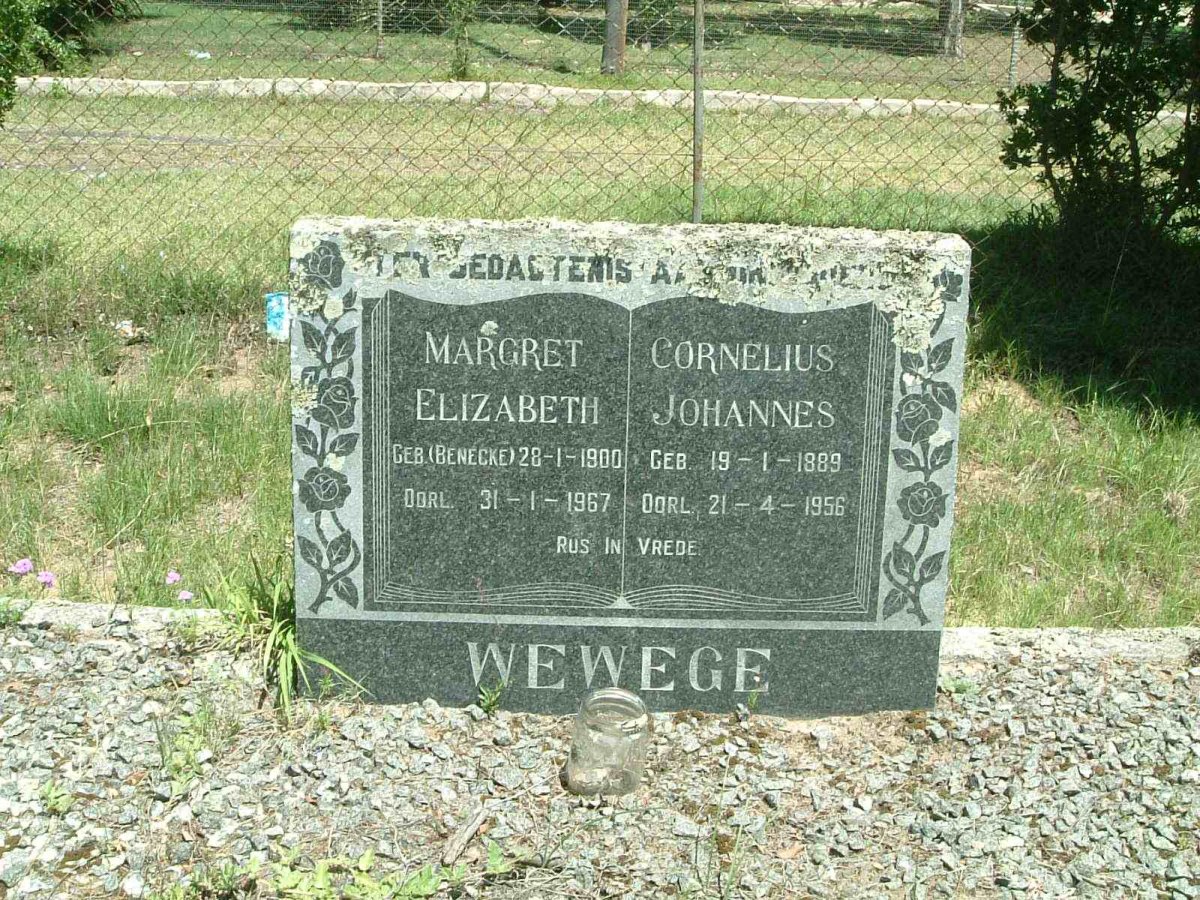 WEWEGE Cornelius Johannes 1889-1956 &amp; Margret Elizabeth BENECKE 1900-1967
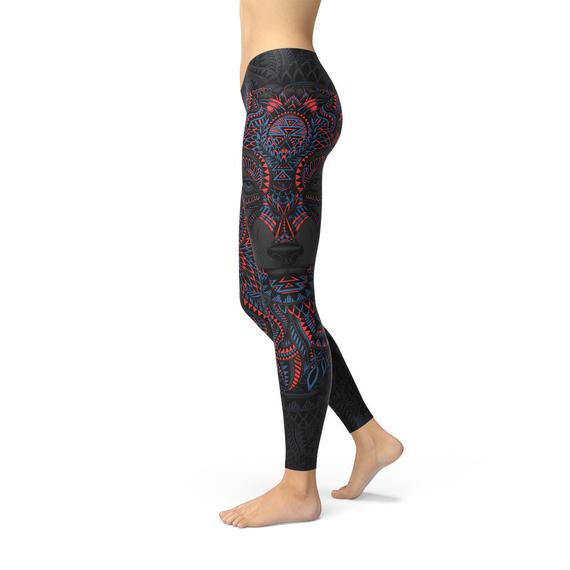 Womens Oosterse zwarte Wolf legging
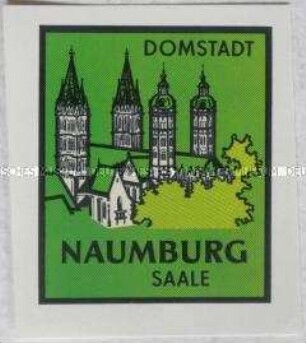 Werbeaufkleber der Stadt Naumburg mit Ansicht des Doms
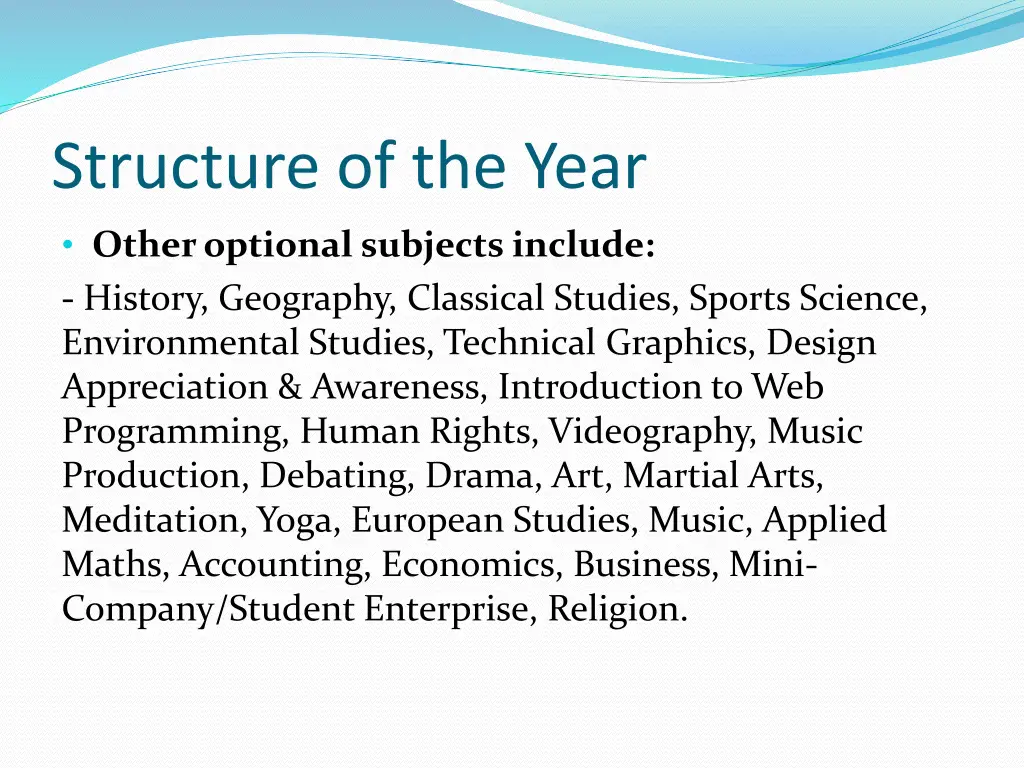 structure of the year 2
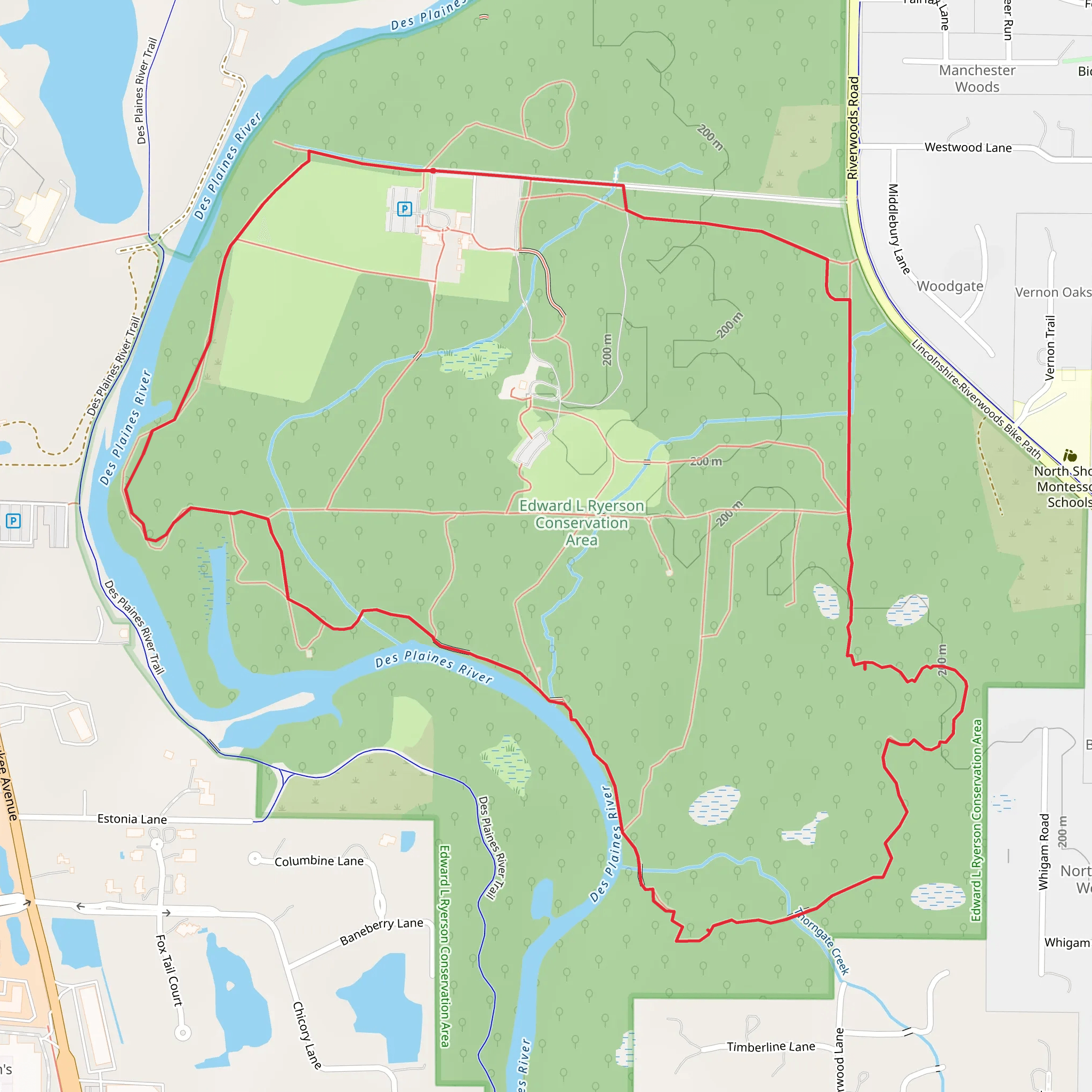 Loop around Des Plaines River mobile static map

****************************************

- **What the task requires**
Produce an exact reprint of the entries, dropping the images.

- **Response**
 WEWEGE Cornelius Johannes 1889-1956 &amp; Margret Elizabeth BENECKE 1900-1967
 Womens Oosterse zwarte Wolf legging
 Werbeaufkleber der Stadt Naumburg mit Ansicht des Doms
 structure of the year 2
 Loop around Des Plaines River mobile static map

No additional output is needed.